◆ EXERCISE REQUIREMENTS ◆
Output only the lines below that start at the line containing "Ormanda yeşil yapraklar" and end at the line containing "Imagine Calling Murderers", with both ends kept.

=== Section Start ===

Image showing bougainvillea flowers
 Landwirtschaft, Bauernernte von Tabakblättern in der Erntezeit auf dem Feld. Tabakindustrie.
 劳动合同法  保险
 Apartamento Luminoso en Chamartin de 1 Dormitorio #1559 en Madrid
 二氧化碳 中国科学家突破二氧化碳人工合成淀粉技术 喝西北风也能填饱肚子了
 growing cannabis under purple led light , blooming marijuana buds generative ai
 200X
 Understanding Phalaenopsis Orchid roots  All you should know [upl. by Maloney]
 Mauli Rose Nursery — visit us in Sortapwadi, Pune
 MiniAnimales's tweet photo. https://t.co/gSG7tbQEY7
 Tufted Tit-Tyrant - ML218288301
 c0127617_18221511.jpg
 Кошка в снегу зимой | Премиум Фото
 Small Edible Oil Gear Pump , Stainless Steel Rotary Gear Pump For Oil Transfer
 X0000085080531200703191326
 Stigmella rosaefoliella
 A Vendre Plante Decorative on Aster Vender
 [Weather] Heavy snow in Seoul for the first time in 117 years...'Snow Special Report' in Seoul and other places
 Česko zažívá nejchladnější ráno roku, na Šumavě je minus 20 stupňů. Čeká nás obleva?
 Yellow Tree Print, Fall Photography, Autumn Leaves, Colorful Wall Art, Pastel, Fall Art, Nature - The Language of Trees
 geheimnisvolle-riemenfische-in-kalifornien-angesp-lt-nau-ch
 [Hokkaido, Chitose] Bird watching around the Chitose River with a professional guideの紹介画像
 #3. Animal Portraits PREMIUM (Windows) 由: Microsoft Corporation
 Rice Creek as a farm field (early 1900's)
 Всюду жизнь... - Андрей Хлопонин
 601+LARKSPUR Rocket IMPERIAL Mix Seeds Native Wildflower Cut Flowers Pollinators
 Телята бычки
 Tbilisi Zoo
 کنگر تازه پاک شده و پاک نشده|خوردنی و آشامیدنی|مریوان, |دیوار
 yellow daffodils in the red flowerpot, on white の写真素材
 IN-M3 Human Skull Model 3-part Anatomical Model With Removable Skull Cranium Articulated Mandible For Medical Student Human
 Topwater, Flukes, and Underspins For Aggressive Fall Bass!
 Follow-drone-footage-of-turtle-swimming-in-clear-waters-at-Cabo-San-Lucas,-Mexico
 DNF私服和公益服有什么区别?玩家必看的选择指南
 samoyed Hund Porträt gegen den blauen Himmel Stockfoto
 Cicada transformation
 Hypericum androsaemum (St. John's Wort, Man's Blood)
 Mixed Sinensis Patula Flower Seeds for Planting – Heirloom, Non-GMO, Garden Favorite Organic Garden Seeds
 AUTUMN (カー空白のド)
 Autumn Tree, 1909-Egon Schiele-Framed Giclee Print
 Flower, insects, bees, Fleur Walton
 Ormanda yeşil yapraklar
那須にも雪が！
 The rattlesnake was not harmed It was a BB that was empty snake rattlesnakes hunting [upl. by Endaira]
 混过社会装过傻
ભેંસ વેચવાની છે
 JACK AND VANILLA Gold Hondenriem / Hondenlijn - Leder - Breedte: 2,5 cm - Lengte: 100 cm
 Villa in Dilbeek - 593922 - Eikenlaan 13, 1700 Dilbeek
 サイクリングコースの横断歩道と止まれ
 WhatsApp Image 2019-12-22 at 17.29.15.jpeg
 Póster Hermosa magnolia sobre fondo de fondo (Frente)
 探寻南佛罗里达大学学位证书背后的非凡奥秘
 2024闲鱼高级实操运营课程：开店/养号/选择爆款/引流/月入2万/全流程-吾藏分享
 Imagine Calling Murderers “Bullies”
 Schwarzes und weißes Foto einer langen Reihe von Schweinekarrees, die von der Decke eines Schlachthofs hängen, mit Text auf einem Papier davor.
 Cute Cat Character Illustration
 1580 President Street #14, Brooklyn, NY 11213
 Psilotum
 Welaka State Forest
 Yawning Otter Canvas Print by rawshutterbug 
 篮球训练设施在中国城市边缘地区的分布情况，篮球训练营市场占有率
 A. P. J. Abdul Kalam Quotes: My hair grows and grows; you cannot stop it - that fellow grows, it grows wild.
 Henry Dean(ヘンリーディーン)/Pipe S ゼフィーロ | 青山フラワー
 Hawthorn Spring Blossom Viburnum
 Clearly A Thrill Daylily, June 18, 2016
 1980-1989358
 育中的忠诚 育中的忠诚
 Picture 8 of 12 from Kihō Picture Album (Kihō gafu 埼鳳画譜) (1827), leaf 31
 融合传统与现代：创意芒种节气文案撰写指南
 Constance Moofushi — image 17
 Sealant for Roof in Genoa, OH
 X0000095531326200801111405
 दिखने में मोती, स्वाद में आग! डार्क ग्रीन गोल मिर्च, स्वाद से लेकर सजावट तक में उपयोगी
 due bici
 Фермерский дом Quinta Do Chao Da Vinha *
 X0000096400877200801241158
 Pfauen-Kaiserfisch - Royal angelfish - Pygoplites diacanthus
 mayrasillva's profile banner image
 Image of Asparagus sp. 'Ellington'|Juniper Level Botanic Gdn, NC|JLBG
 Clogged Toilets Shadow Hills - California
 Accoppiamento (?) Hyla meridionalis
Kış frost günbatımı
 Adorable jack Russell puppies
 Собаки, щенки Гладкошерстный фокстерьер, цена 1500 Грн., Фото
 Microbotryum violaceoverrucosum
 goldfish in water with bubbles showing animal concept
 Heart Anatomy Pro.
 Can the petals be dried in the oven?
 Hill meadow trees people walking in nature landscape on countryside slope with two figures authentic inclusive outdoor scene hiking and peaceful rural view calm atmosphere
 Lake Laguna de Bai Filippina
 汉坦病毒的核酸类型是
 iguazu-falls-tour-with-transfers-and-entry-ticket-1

=== Section End ===

◆ RESULT BELOW ◆
 Ormanda yeşil yapraklar
那須にも雪が！
 The rattlesnake was not harmed It was a BB that was empty snake rattlesnakes hunting [upl. by Endaira]
 混过社会装过傻
ભેંસ વેચવાની છે
 JACK AND VANILLA Gold Hondenriem / Hondenlijn - Leder - Breedte: 2,5 cm - Lengte: 100 cm
 Villa in Dilbeek - 593922 - Eikenlaan 13, 1700 Dilbeek
 サイクリングコースの横断歩道と止まれ
 WhatsApp Image 2019-12-22 at 17.29.15.jpeg
 Póster Hermosa magnolia sobre fondo de fondo (Frente)
 探寻南佛罗里达大学学位证书背后的非凡奥秘
 2024闲鱼高级实操运营课程：开店/养号/选择爆款/引流/月入2万/全流程-吾藏分享
 Imagine Calling Murderers “Bullies”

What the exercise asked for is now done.